This is of course the million dollar question for all self-published authors and I strongly encourage the readers of this blog to weigh in with their comments as we could all possibly benefit from exchanging ideas.
For the purpose of the discussion there will be two givens. The first is the book, a non-fiction book, is well written, well edited, well designed and for its niche market is a positive, valuable library addition to someone who is interested in that topic. The second given is the book, like most of our books, is going to be sold mainly through the gateway of Amazon. Finally, we will operate on Aaron Shepard's premise that it takes a calendar year for a book to reach its sales potential on Amazon.
The author can invest the time in engaging in all of the ethical marketing and promotional tools available, both on Amazon and off-Amazon to promote the book. These efforts will be centered around all the tools on Amazon and a reasonably well done author platform that consists of a content driven website, a blog and let's say a eNewsletter with a reasonable, for the niche, subscription list.
Sounds like the author in the example has done everything right to produce a quality book, promote the book and create a group of individuals who might be interested in purchasing the book to read. The author has done his or her homework and all of the marketing and promotional work has been well targeted.
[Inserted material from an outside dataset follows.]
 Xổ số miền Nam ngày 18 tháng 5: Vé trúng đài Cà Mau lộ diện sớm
Why do some books succeed (success being defined as being purchased in reasonable numbers) and others fail if the author has "done things right?" It could be too much competition for sales in a specific niche market or other such factors like pricing.
This leads to the question of the day. What makes a customer buy a book? Why does a customer pass on purchasing the book in the above mythical example? Why does another customer purchase our book?
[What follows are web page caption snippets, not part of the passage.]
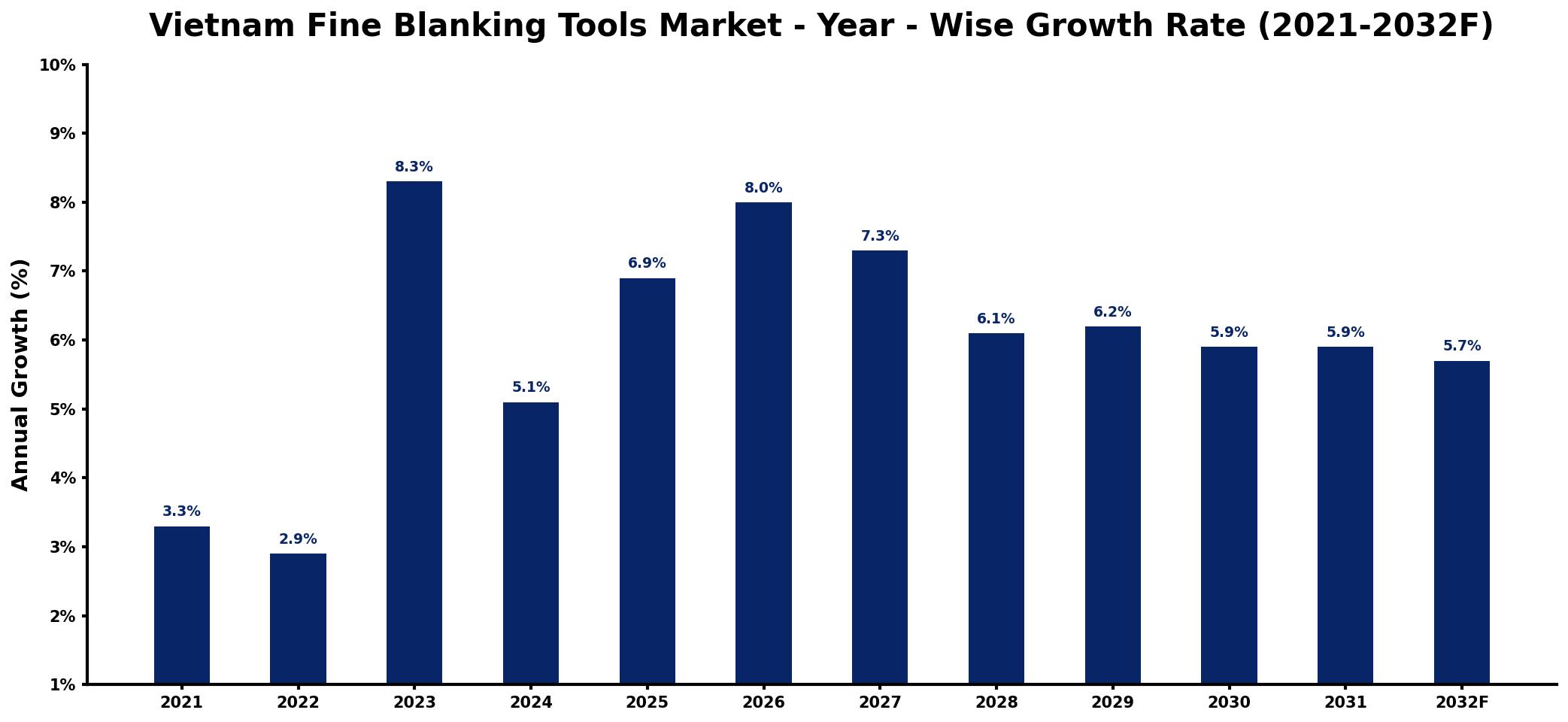 Vietnam Fine Blanking Tools Market Year-wise Growth Rate and Key Drivers
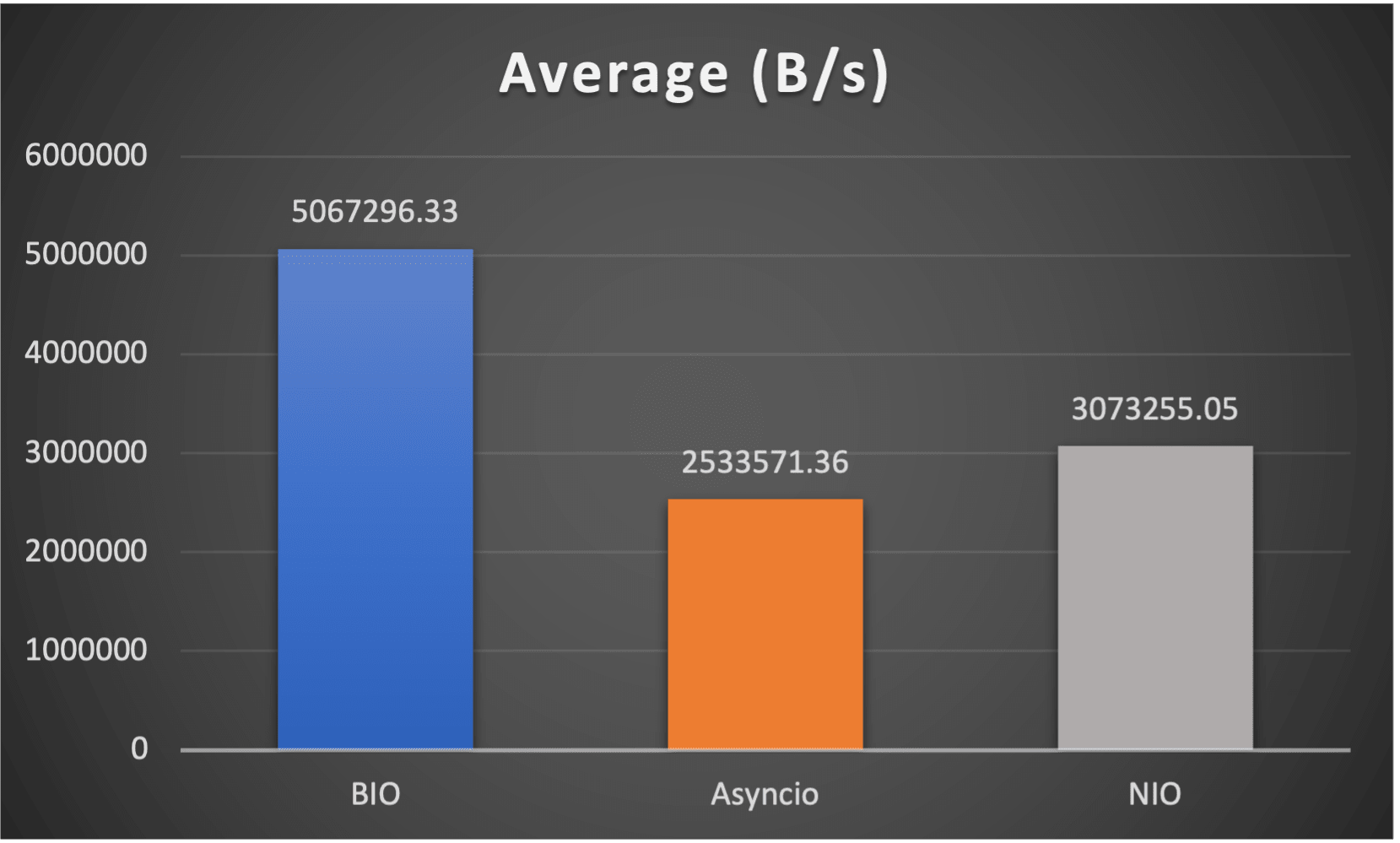 Average Speed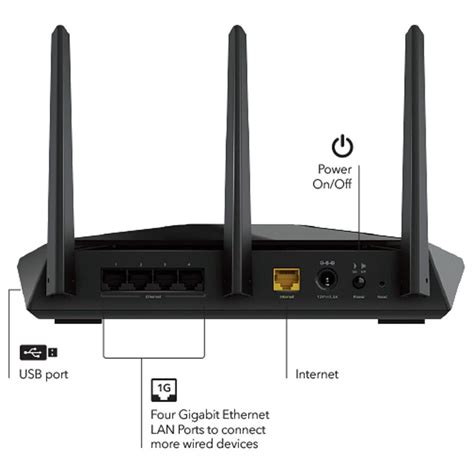 Netgear WiFi Router Wps Button に対する画像結果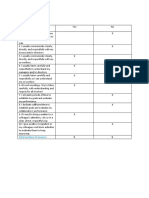 Self-Diagnosis Table: Total Number of Answers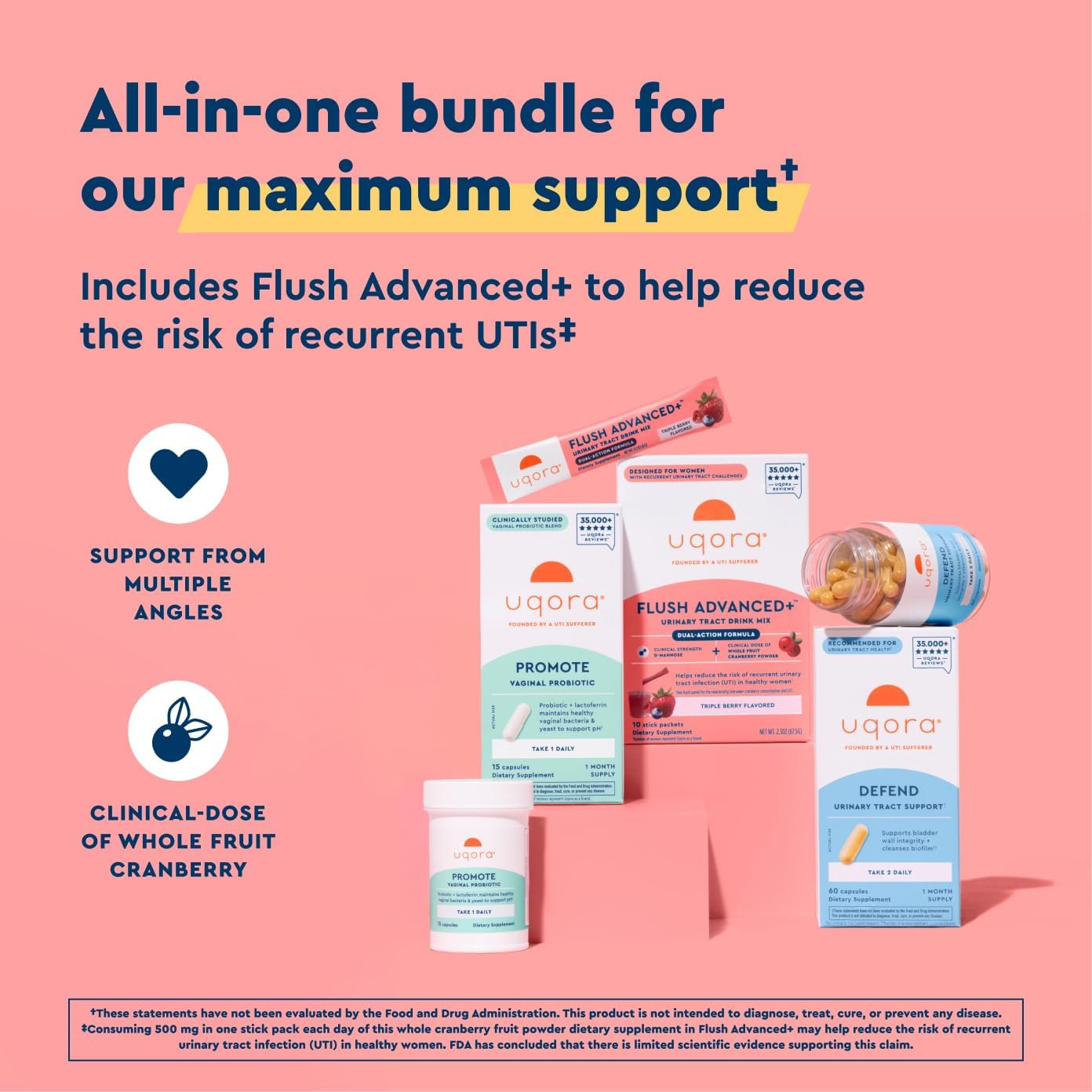 Uqora Defend capsules avec thé vert et vitamine D3 pour le confort quotidien.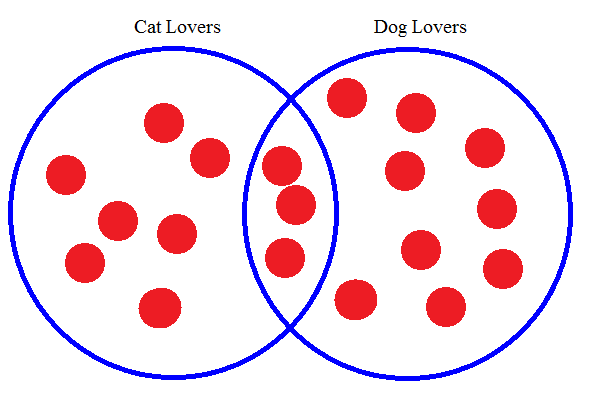 7 people are in the Cat Lovers only circle; 9 people are in the Dog Lovers only circle; 3 people are in both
Part of me thinks it is an issue of trust. Can the customer trust the author to deliver the information promised by the title of the book and all of the marketing and promotional information? The customer, and rightly so, wants to feel like the exchange of money for information will be a fair exchange.
How do we, as self-publishing authors, overcome this "trust hurdle" so the customer will help us achieve our goal of selling a copy of our book? How do we do this on a broad enough basis that we are able to sell good numbers of our book?
Are there factors other than trust involved? How can these factors best be resolved?
For those who post comments, I want to proactively thank you for participating in the discussion.